• About this task: Leaving pictures aside, restate exactly the lines of the data below, from the first one through the line that contains "Ilex Avenue og".

[Captioned web image data]
"""
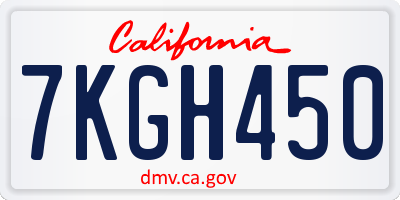CA license plate 7KGH450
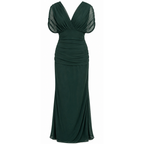Dark green off-shoulder pleated maxi dress with ruched draped V neckline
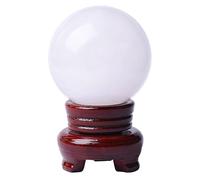 NIBHZ Sphère de Boule de Cristal Naturel avec Support en Bois Rouge, Pierre précieuse de Quartz sculptée à la Main, décoration de Maison, Ornement de Bureau,80mm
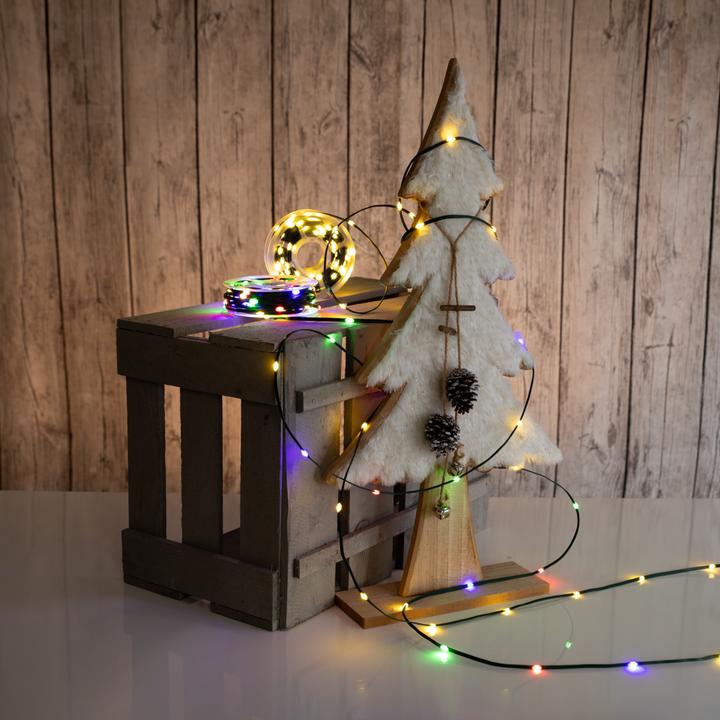 Produktbild Idena Micro-Lichterkette 200 LED warmweiss Gesamtlänge 22,9m auf Rolle 8h Timer 8 Lichtmodi (22.90 m)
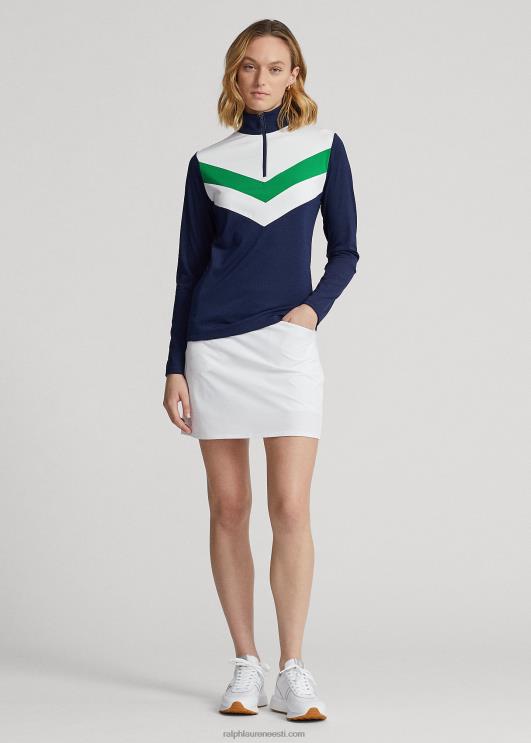 Ralph Lauren naised chevron-triibuline veerandtõmblukuga pullover PR0V3718 rafineeritud mere-/kruiisiroheline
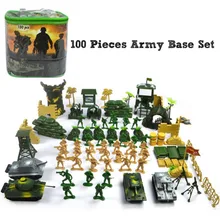 

100 Pieces Army Base Set Soliders & Assorted Accessories Sandball War Scenario with a Storage Container Kid Gift
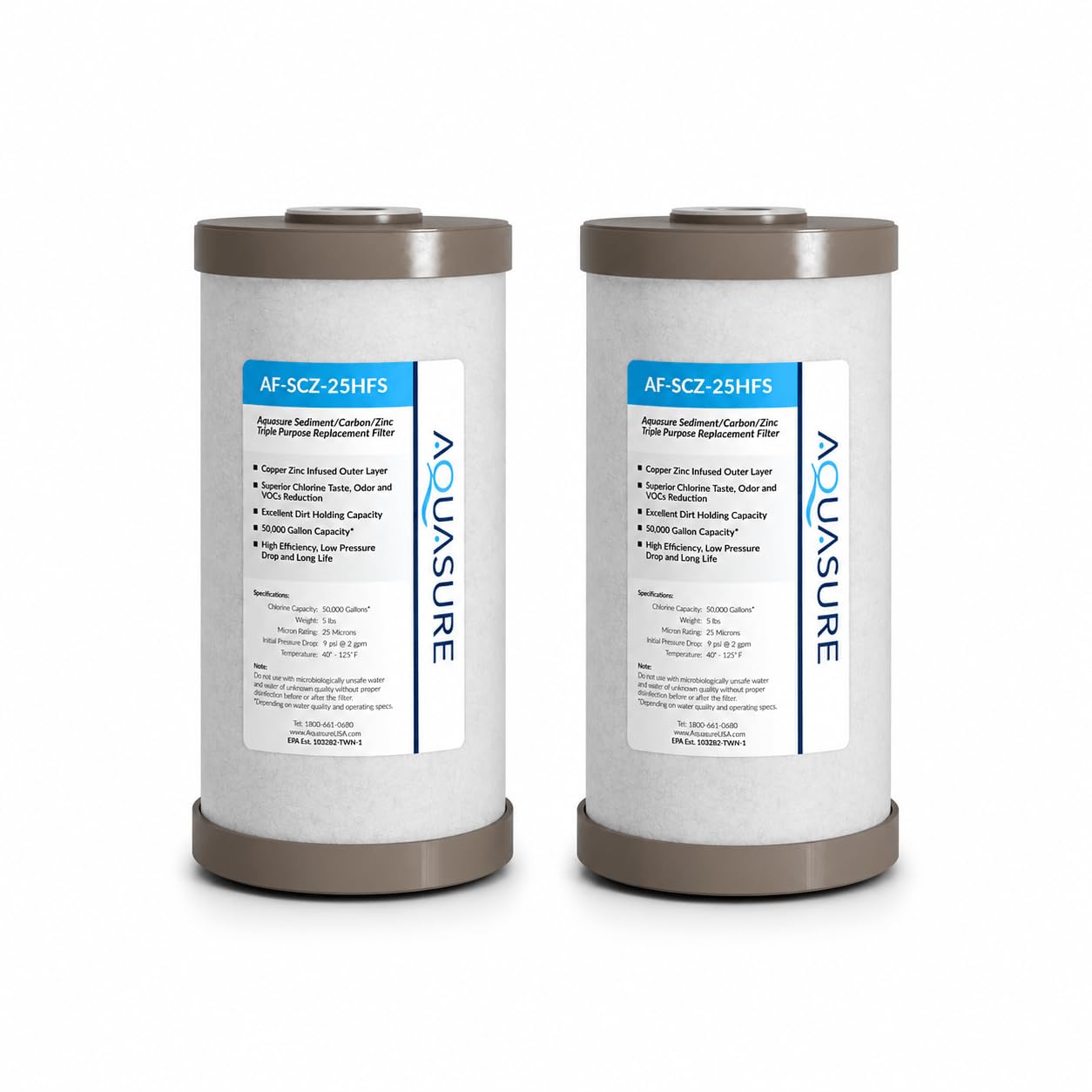 Aquasure Fortitude V2 Series Triple Purpose Sediment/Carbon/Zinc Replacement Filters (2, Standard)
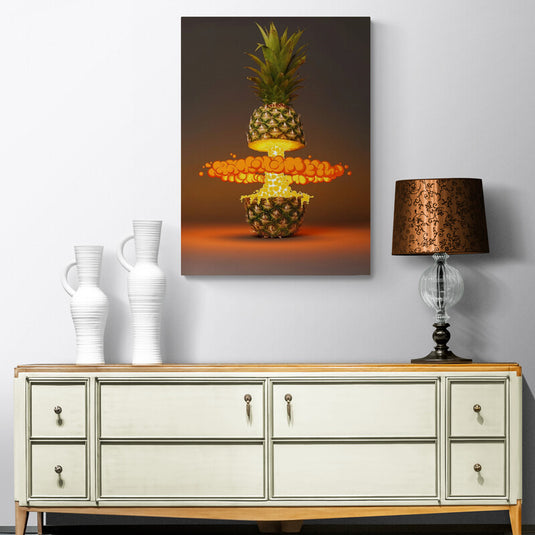 Pineapple on Fire - Canvas Mérida Fine Print Art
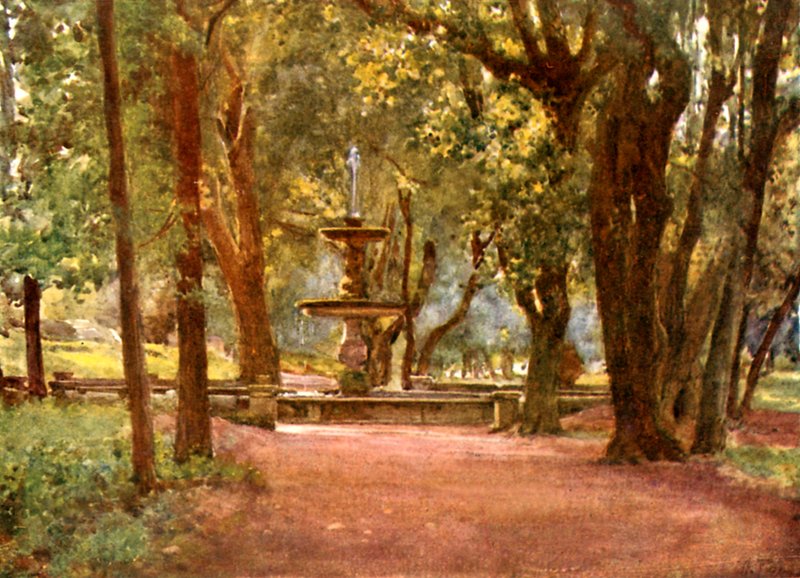 Ilex Avenue og Fountain (Dark Fountain) Villa Borghese av Alberto Pisa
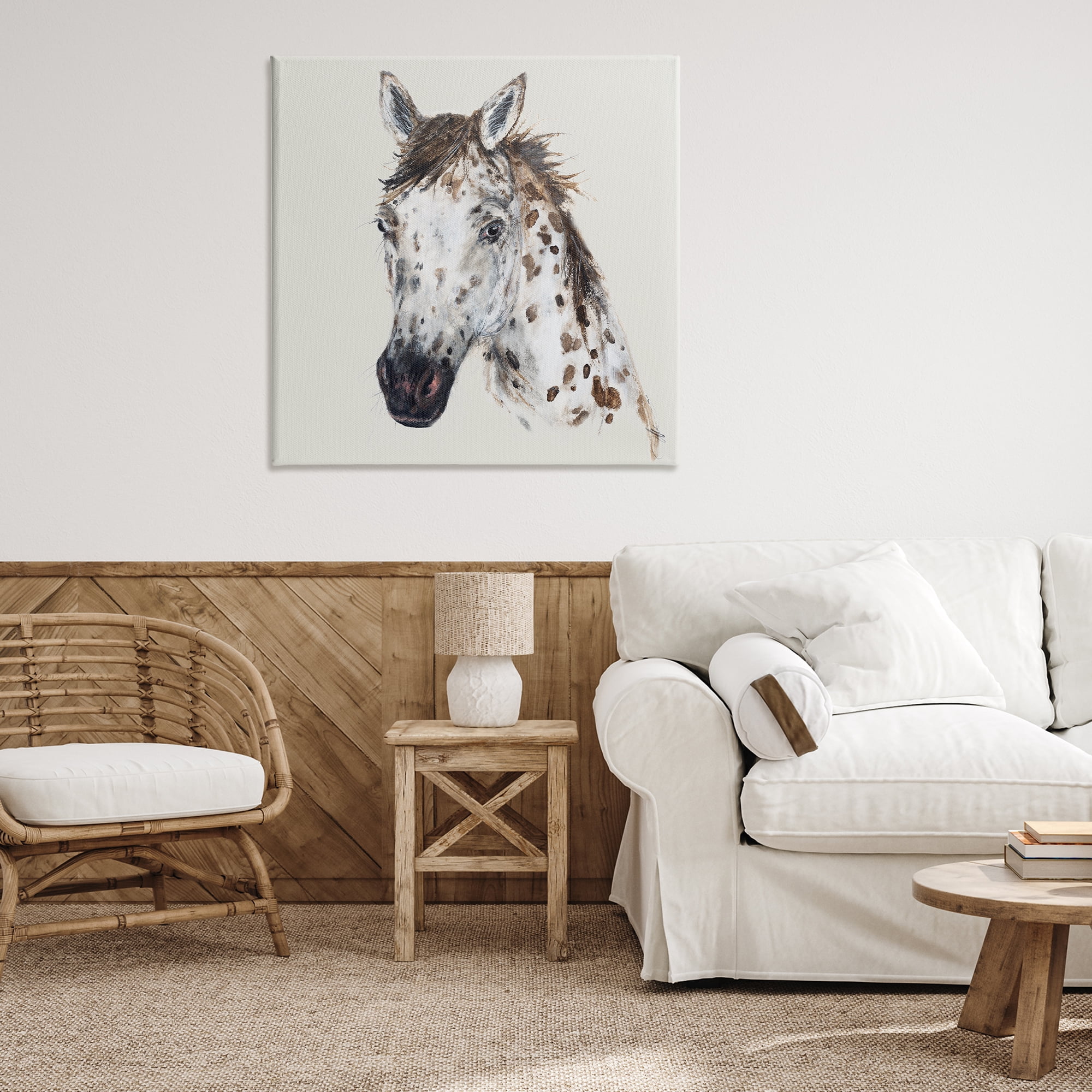 Stupell Industries Charming Spotted Horse Animals Painting Wrapped Canvas Art Print Wall Art, 36 x 36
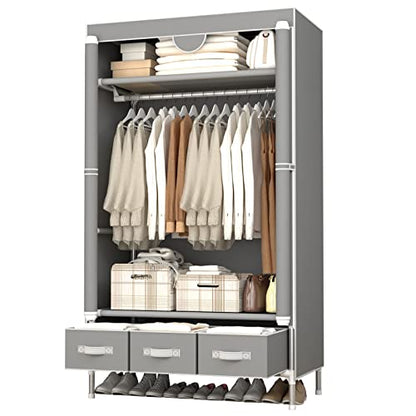Portable Clothes Closet Rolling Door Wardrobe with Hanging Rack Non-Woven Fabric Storage Organizer with Three Drawer Boxes No-Tool Assembly - 35.4 x 17.7 x 67.0 ‘’ (Gray)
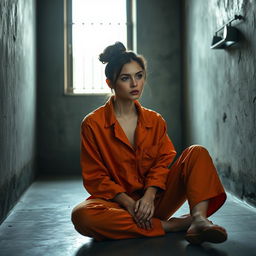 A young Russian brunette woman with her hair styled in a neat bun, wearing an orange jumpsuit with the collar casually unbuttoned, is seated on the cold, hard floor of a jail cell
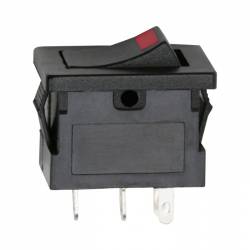 Kolískový prepínač 1 obvod 15A-12VDC OFF-ON červená LED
"""
• Solution:
CA license plate 7KGH450
Dark green off-shoulder pleated maxi dress with ruched draped V neckline
 NIBHZ Sphère de Boule de Cristal Naturel avec Support en Bois Rouge, Pierre précieuse de Quartz sculptée à la Main, décoration de Maison, Ornement de Bureau,80mm
 Produktbild Idena Micro-Lichterkette 200 LED warmweiss Gesamtlänge 22,9m auf Rolle 8h Timer 8 Lichtmodi (22.90 m)
 Ralph Lauren naised chevron-triibuline veerandtõmblukuga pullover PR0V3718 rafineeritud mere-/kruiisiroheline

100 Pieces Army Base Set Soliders & Assorted Accessories Sandball War Scenario with a Storage Container Kid Gift
 Aquasure Fortitude V2 Series Triple Purpose Sediment/Carbon/Zinc Replacement Filters (2, Standard)
 Pineapple on Fire - Canvas Mérida Fine Print Art
 Ilex Avenue og Fountain (Dark Fountain) Villa Borghese av Alberto Pisa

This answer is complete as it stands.